Provided data Start Marker

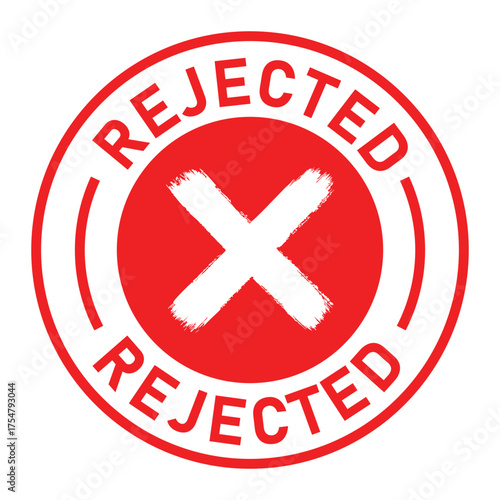 Red and white circular rejected stamp graphic with bold “REJECTED” text and central white X symbol. Ideal for denial, disapproval, business forms, and digital rejection designs.
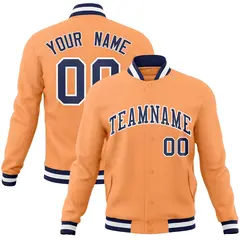Orange Navy-White Classic Varsity Full-Snap Letterman Jacket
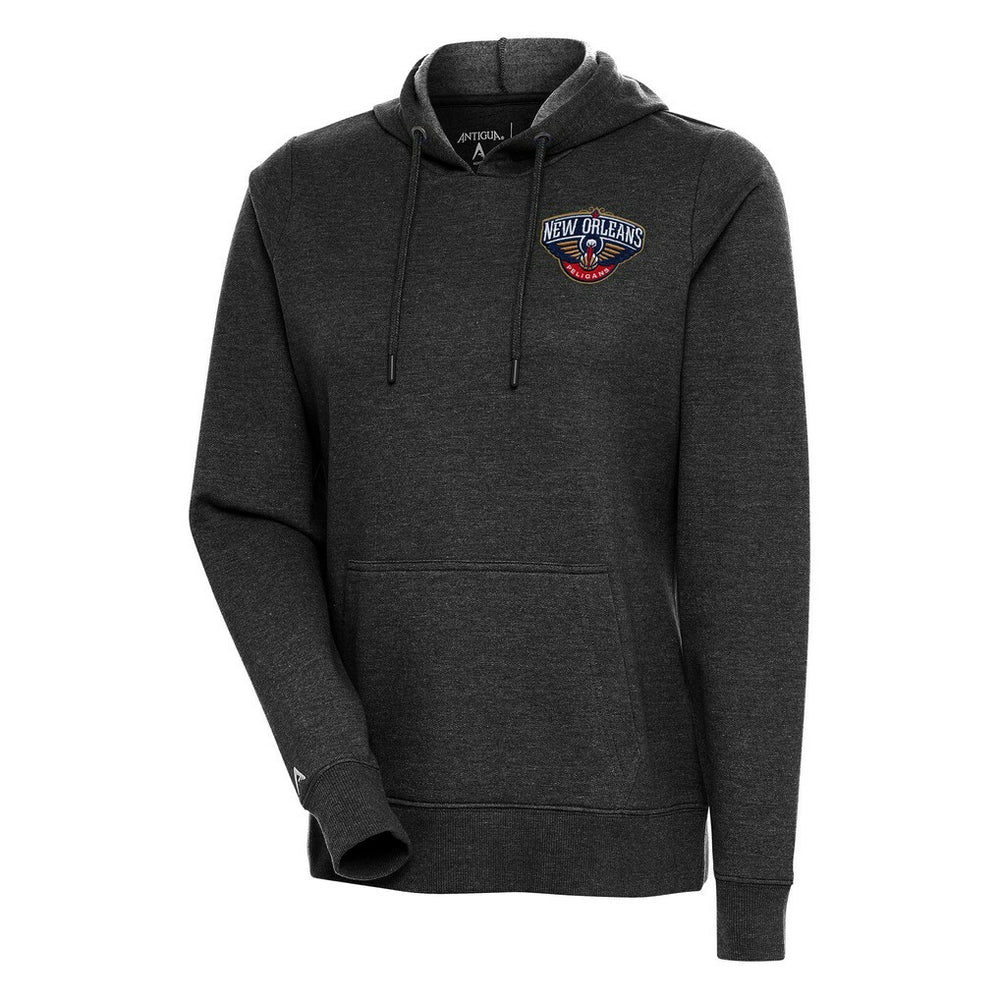 New Orleans Pelicans Antigua Women's Action Pullover Hoodie Heather Black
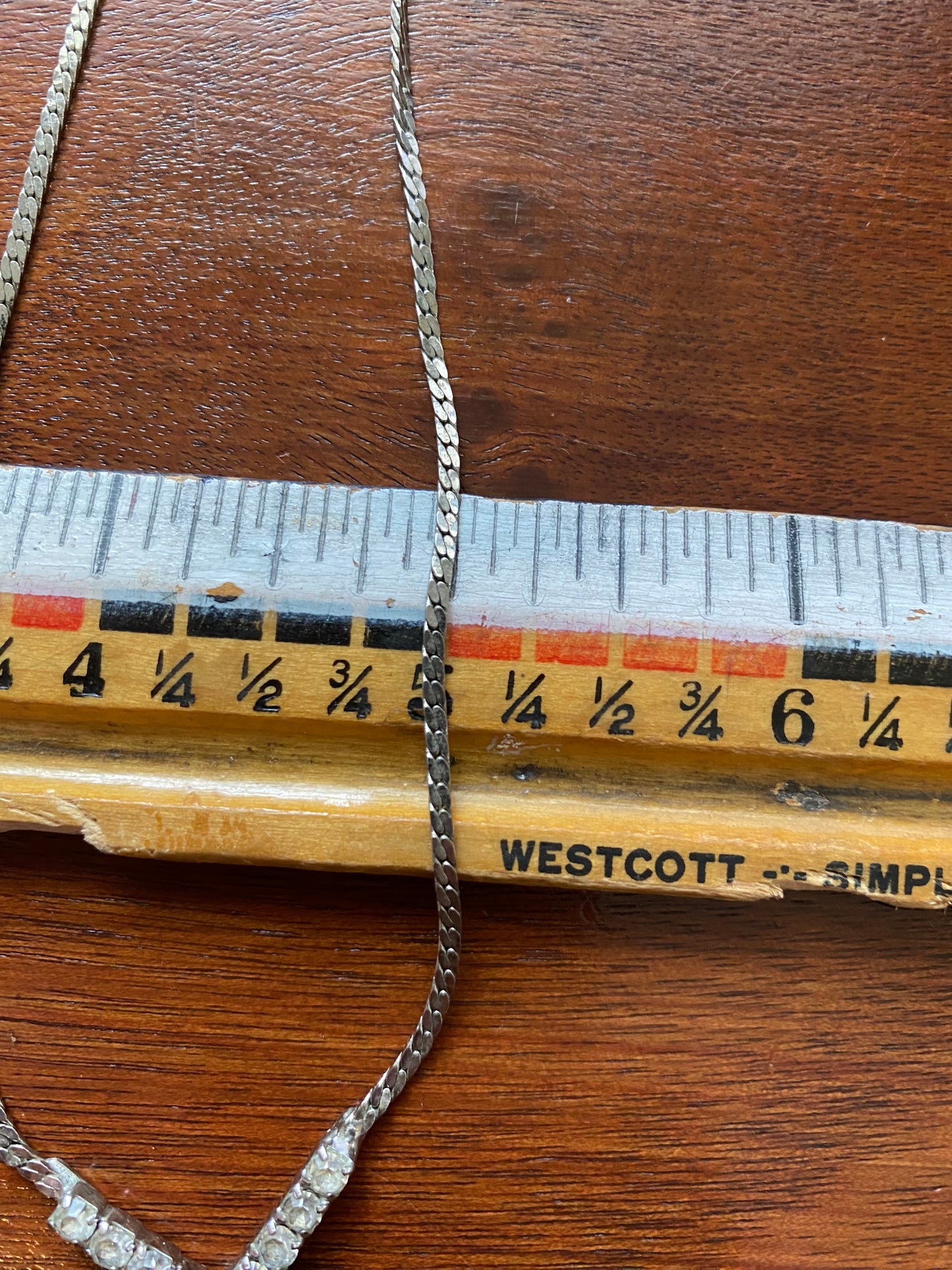 Silver Tone Rhinestone Herringbone Chain Necklace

Provided data End Marker

## [Action item]
All of the data is to be transcribed exactly, with images omitted.

## [Result]
 Red and white circular rejected stamp graphic with bold “REJECTED” text and central white X symbol. Ideal for denial, disapproval, business forms, and digital rejection designs.
Orange Navy-White Classic Varsity Full-Snap Letterman Jacket
 New Orleans Pelicans Antigua Women's Action Pullover Hoodie Heather Black
 Silver Tone Rhinestone Herringbone Chain Necklace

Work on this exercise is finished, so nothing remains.